Demandant « justice pour le meurtre de Menelao « Boy » Barcia ainsi que pour les violations des droits des paysans de l’Hacienda Dolores, à Porac, Pampanga », la déclaration en ligne de Karapatan revient sur les commanditaires de l’attaque du militant. « Les témoins du meurtre ont peur de parler par crainte de représailles, mais les paysans de l’Hacienda Dolores pensent que les auteurs du crime sont les milices de la compagnie du « Triple L » (Leonardo-Lachenal-Leonio Holdings Inc. NDLR), l’entreprise qui a accaparé illégalement les terres des paysans. »

Selon les ONG de défense des droits de l’homme, dont Asian Human Rights Commission (AHRC), 350 paysans et environ 1 000 familles ont déjà été expulsés de leurs terres, qu’ils cultivent depuis des générations, certains depuis 1835.

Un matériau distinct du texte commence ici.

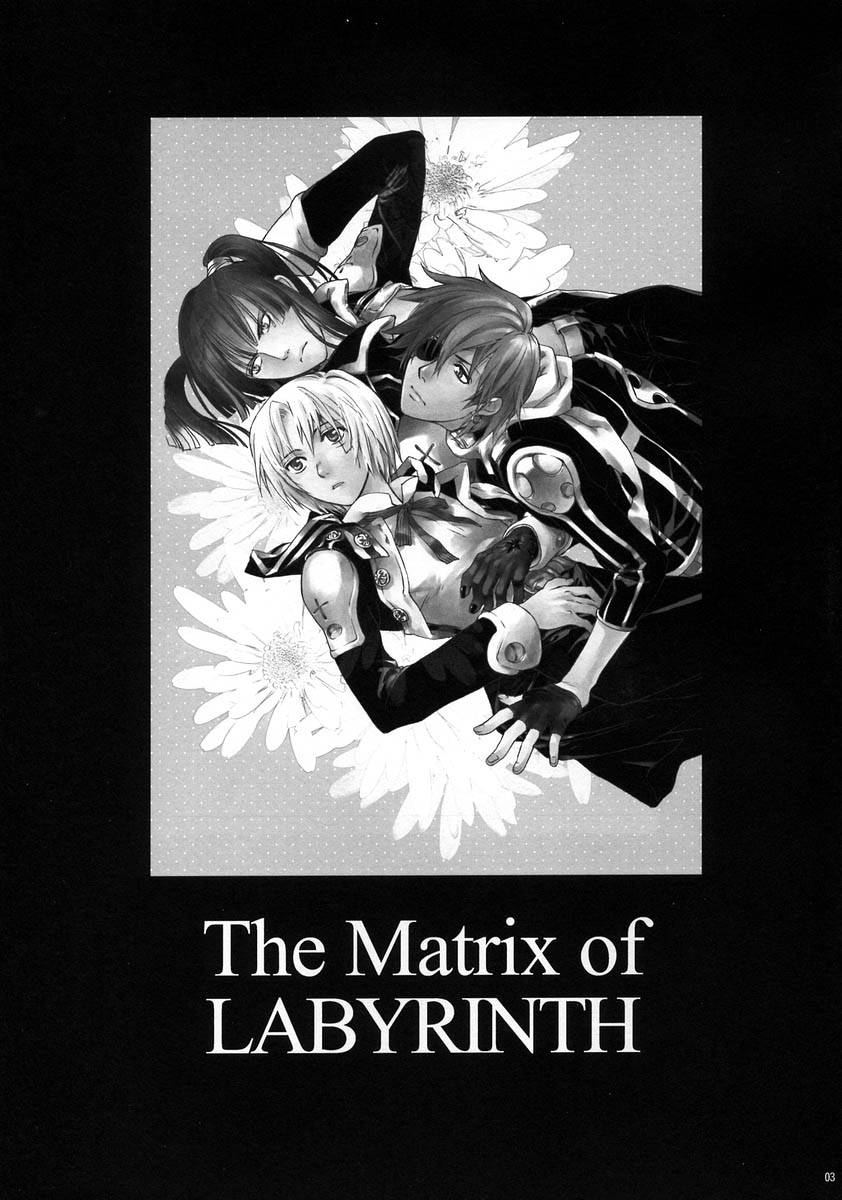 The Matrix of Labirynth page 2 full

Karapatan explique que Menelao Barcia enquêtait sur les accusations portées à l’encontre du chef de village, Antonio Tolentino, arrêté le 16 avril dernier à l’Hacienda Dolores par des miliciens de la LLL et des policiers du district. Le chef du barangay est actuellement détenu à la prison du district d’Angeles City pour « actes préjudiciables à l’encontre du service public ».

« Deux jours plus tard, rapporte Karapatan, le 18 avril, les policiers, accompagnés du personnel de sécurité de la « triple L » sont retournés à l’Hacienda Dolores pour menacer les membres de la famille de Tolentino. »

La déclaration de l’ONG se poursuit avec d’autres exemples de violences exercées envers les paysans de l’Hacienda Dolores par les forces de l’ordre et les milices armées de la LLL. Le 12 janvier dernier, trois paysans membres d’Aniban étaient blessés par balles par les gardes de la Triple L Company, qui les empêchaient d’accéder à leurs cultures. Gravement blessés, ils étaient emmenés à l’hôpital dans un état critique. Arman Padino, 33 ans, devait décéder peu après. Suite à ce grave incident, un appel aux Nations Unies pour violation des droits de l’homme a été lancé par l’Asian Human Rights Commission le 14 mars dernier.

L’organisation termine en appelant tous les « défenseurs des droits de l’homme » à réagir en envoyant des courriers aux différents responsables du gouvernement central, afin d’exiger :

– que soit menée une enquête sur l’exécution extrajudiciaire de Menelao Barcia ;
– que soient immédiatement libérés Antonio Tolentino ainsi que tous les autres membres d’Aniban et les paysans arrêtés;
– que soit mise en place une commission d’enquête indépendante composée de représentants des groupes de défense des droits de l’homme, de l’Eglise, du gouvernement local, ainsi que de la Commission des droits de l’homme, afin d’enquêter sur les violations des droits de l’homme et l’accaparement des terres à l’Hacienda Dolores, par la société LLL ;
– que le gouvernement central cesse d’étiqueter les défenseurs des droits de l’homme comme des « membres des organisations communistes » ou des « ennemis de l’Etat » ;
– la fin de l’Oplan Bayanihan, programme militaire antiterroriste du gouvernement philippin qui « atteint des victimes innocentes et des civils non armés » ;
– le respect par Manille de la Déclaration universelle des droits de l’homme ainsi que de tous les principes s’y rattachant.